Like many of their labelmates on Omaha, Nebraska, indie imprint Saddle Creek, the Rural Alberta Advantage thrive on ornate, heartfelt storytelling, tied to the heartland – in their case rural Alberta, Canada. Download a new song, “North Star,” from the trio’s March 1 album Departing below.
Keyboardist-singer Amy Cole tells SPIN that the Toronto-based trio, often referred to, simply, as the RAA, always intended their first two albums (check out their their debut, Hometowns) to be companion pieces. “Departing is definitely seen as a sequel to Hometowns, but bringing to a close some of the themes that were explored in Hometowns, like leaving home,” she says.
And while some of the imagery has drawn specifically on Alberta, from where frontman Nils Edenloff hails, Cole loves the universality of the music. “I’m from a small town, too, and I feel an emotional connection to the themes cause I think it’s something everyone goes through,” she says. “Like, you leave your small town and move to the big city, leaving things behind, ending relationships.
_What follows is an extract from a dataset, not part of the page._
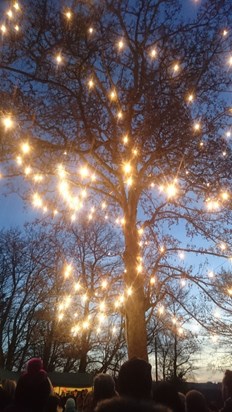 Tree of lights for you nanna.  Beautiful just like you. Xx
You don’t have to necessarily come from Alberta to understand it.”
“North Star” finds Edenloff singing about driving in a friend’s car, with the north star guiding them home. He croons over sparse electric piano and a skittish drumbeat, before the song finally swells into a organ-led crescendo that comes on like the first hints of a sunrise after an all-night adventure.
The band, rounded out by drummer Paul Banwatt, will hit the road March 9 in Cambridge, Mass., for a North American tour that finds them cruising through two of the Spring’s biggest music events: March’s SXSW in Austin, Texas, and April’s Coachella in the California desert. And, as they’re playing larger and larger rooms, Cole says they’re building out their live sound to fill the bigger spaces, adding synth bass to their onstage setup.
They’re still trying to fit all their new equipment into one small van, though, and Cole says Edenloff is quite the magician when it comes to getting their gear from town to town. “With his engineering degree he’s incredible at packing,” she explains. “Paul and I narrate little the little challenges throughout the day, and call it Nils Edenloff: Pack Freak, like Criss Angel: Mind Freak.”